While the past few months have created major setbacks and challenges for most cities' economies, Idaho Falls has proven to have a recipe for economic stability despite the pandemic.
Idaho Falls has recently received recognition for their ability to thrive, despite national economic turmoil, as evidenced in their significant population growth, local unemployment rates of 3.6 percent (which are some of the nation's lowest), and a thriving real estate market.
One of the factors contributing to the city's growth is the low cost of living. Out of state buyers drawn to the area are able to pay above asking price, due to comparatively low costs. As mentioned in Governing's article, "The city’s vacancy rate for [residential] rentals is actually negative; people are signing leases on units that haven’t been built yet."

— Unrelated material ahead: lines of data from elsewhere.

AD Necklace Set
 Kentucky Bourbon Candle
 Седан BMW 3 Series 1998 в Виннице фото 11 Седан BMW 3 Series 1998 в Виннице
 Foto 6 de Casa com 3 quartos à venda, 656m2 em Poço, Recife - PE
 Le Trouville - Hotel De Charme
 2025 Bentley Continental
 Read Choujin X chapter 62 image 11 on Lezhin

Another major pillar of Idaho Falls' unwavering economy is its diverse business environment. Their 0.93 rating on the employment entropy index (on a scale of 0 to 1) speaks to the area's economic diversity, which has aided in its resilience. The community is led by its health care, science, retail and manufacturing industries. Idaho Falls' largest employer, Idaho National Laboratory, is not only the nation's leading nuclear research center and currently growing by up to 1,500 workers but has allowed for a number of technology companies to thrive in the area. Idaho Falls also boasts strong medical and manufacturing industries, and is home to Eastern Idaho Regional Medical Center, food manufacturers, and Melaleuca, a huge online wellness shopping club.
Idaho Falls is proving that large population metros are not necessarily better equipped to seize market opportunities. “Our economic outlook for the next 24 months in southeast Idaho is really strong,” says Renee Spurgeon, president of the Greater Idaho Falls Association of Realtors.